__WHAT TO WORK ON__.
When you reach the line in the listing below that contains "Technical Efficiency of", begin returning lines exactly as written, and stop after the line that contains "cherry blossoms 桜 © Morita". Return no other lines.

__EXERCISE MATERIALS__.
= Beginning of Section =
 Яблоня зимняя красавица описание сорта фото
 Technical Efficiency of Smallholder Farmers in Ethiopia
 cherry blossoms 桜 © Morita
= End of Section =
= Beginning of Section =
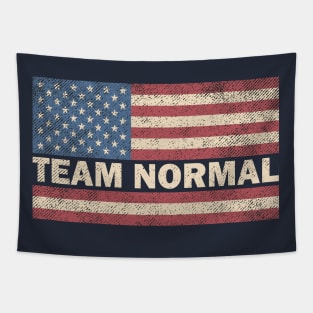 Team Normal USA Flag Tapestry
= End of Section =
= Beginning of Section =
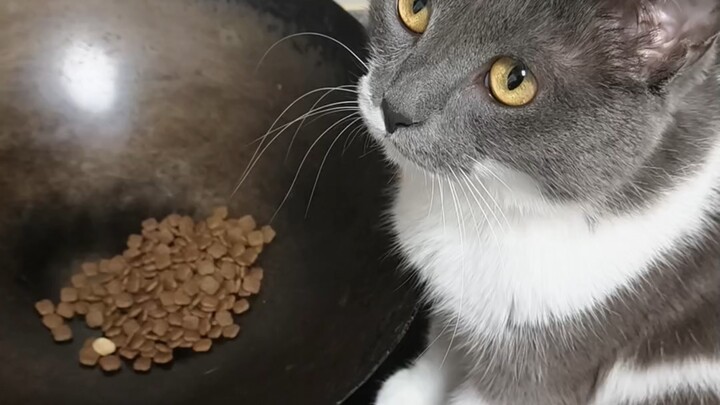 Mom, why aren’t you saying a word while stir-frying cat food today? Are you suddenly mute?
= End of Section =
__RESPONSE AREA__.
 Technical Efficiency of Smallholder Farmers in Ethiopia
 cherry blossoms 桜 © Morita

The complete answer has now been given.